09-09-2020, 11:38 AM
(08-12-2020, 05:20 AM)alexorande Wrote: Patriotic embers of the stolen land
of milk and honey fade
before they touch the earth
like flecks of daybreak gold
becoming dust
in the crowded shade.
And, empty as a dead star
and the swine in suits, the buildings feed
our shadows to a rot of daisies
that burgeoned through concrete. I still find "swine in suits" too obvious -- I'd just cut it out. "empty as a dead star, the buildings feed" sounds fair enough in my head. But cutting out "monuments of suffering" and going straight to the point with "the buildings feed" is a good choice.

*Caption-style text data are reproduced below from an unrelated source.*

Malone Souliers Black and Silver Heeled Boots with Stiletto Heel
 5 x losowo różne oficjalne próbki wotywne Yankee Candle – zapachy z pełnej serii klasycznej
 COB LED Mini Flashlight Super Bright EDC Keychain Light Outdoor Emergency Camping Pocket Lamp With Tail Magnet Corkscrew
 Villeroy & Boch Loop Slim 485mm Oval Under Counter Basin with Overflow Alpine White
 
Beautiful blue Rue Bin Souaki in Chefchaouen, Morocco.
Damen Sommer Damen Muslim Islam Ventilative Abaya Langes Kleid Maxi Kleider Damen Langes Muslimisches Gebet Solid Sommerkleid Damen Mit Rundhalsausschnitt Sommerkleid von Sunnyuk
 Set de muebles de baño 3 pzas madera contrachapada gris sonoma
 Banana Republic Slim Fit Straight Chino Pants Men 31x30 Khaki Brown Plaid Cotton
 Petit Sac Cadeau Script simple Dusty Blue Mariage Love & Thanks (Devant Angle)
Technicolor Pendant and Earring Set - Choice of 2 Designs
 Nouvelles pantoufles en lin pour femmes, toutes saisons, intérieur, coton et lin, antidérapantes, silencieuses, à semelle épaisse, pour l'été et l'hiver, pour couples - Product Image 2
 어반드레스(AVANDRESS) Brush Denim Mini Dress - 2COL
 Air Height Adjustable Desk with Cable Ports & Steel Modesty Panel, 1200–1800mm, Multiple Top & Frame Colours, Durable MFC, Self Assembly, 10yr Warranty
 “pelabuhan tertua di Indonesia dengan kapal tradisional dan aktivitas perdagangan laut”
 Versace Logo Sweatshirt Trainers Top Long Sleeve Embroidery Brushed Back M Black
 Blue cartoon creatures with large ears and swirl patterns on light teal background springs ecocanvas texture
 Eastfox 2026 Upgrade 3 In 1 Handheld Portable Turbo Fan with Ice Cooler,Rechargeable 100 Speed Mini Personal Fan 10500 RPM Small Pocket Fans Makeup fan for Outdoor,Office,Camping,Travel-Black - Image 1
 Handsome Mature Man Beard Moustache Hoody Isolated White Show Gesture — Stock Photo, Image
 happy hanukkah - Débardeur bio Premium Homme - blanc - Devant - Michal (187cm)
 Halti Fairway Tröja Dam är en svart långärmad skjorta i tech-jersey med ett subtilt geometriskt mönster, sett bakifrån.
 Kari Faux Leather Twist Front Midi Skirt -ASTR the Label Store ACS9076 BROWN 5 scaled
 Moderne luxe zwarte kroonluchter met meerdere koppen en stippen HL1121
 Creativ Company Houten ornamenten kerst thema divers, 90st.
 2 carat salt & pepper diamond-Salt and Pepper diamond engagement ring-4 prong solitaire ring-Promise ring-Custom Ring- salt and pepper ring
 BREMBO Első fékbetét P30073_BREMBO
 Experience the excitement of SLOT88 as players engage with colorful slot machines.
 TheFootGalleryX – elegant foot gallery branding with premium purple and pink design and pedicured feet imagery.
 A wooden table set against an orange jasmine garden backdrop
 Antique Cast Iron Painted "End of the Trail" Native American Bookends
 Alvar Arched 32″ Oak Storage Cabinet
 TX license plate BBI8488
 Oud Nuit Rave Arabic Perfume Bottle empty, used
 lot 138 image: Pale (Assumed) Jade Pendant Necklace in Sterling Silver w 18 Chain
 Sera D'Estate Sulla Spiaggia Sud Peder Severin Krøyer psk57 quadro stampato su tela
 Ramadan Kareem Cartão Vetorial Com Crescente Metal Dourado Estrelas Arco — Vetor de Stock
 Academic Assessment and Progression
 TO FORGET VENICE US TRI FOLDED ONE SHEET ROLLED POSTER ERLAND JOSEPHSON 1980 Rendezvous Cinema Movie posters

It will never be the fire, but either fate
or all its followers, who dance on shores
where viscous black waves break closer
beneath a sanguine sky, that brings
all dogs to scavenge. This stanza still doesn't connect with me. Having "fire" or "fate", images especially commonplace in this kind of art, be the subjects seems to me the flaw. I think the way you leaned in to "viscous black waves break closer" signifies better, and your use for this purpose of "sanguine sky" and "dogs to scavenge", both only slightly less commonplace than "fire" or "fate", elevated them.
When night lingers, the song of mourning
doves await the air
in a burst of glass and fuel. I'm in a lighter mood at the moment: I don't think this thud is as necessarily bad as I'd thought.